Figuring out how we wanted to handle money together is not always easy, but we have had some good compromises and hopefully have figured out a system. It has been pretty pain free. (Ok, let’s be honest…it has been pain free for me because I love personal finance, but D does not love talking about money with me and I can see him squirming every time in bring up the subject with my excessive enthusiasm.)

So to give him a break from squirmily discussing our money, I will tell you all about the system we came up with:

-We set up a private googledocs spreadsheet (a la Lionel and Wilhemina) to track all of our mutual expenses. We put the receipts in a clip on the fridge and/or check our credit card statements, and fill in the spreadsheet each month. Whoever ends up having paid less writes a check to the other and then we start a fresh page of the spreadsheet.

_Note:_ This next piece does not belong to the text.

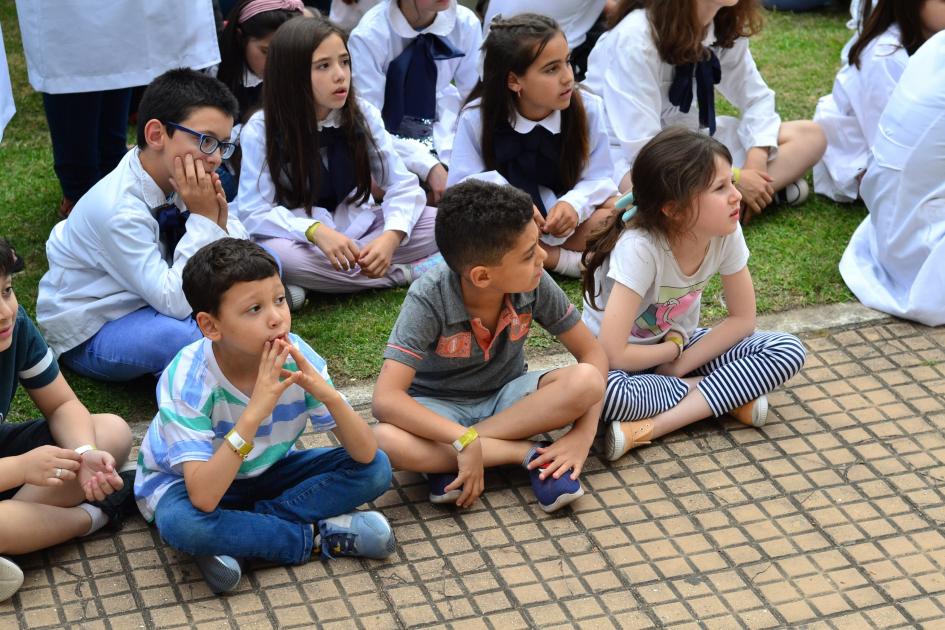 Niños escolares presenciando el acto de apertura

-D is responsible for paying rent and utilities on time, because he lived here first so he already has the accounts set up in his name. We enter it in the spreadsheet and it goes into the overall expenses for the month.

-We pay the bills according to our take home pay. D makes a bit more than I do (but I negotiated my salary very successfully, I’m sure I’ll catch up soon!) so he pays a little more of the bills each month than I do.

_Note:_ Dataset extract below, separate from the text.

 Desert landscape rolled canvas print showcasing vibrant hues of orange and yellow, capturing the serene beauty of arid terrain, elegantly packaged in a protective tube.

We had a big discussion about whether we should divide the bills based on our take home pay or our pre-tax salary (aka, the number they tell you you are making when you get the job, not the amount you get on your actual paycheck). I contribute to my retirement accounts and my flexible spending healthcare account before I get my paycheck, but D is one of the lucky few who will get a pension when he retires, so he doesn’t contribute to a retirement account or a healthcare account.

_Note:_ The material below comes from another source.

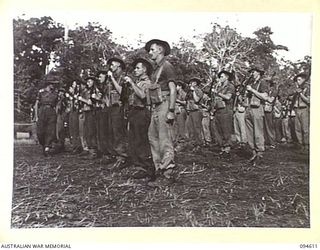 LAMARIEN, HENRY REID BAY, NEW BRITAIN, 1945-07-28. LIEUTENANT H.J. MORGAN, TROOP LEADER, A TROOP, 2/2 COMMANDO SQUADRON (1), INSPECTING THE WEAPONS OF HIS MEN DURING A PARADE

I thought that I should be contributing based on our pre-tax amounts, because only I am benefiting from my healthcare account but (depending on our future together) either we both will benefit from my retirement savings, or just I will. D wanted to split bills based on our take home pay because he wanted to make sure I had enough to live on without feeling pinched.

It might seem a little ridiculous to be worried about this type of question because it doesn’t actually come down to very much money, but it it is important in our relationship that no one feels they are taken advantage of. This means that neither of us feels like we are paying more than we should, and neither of us feels like we always take out the trash.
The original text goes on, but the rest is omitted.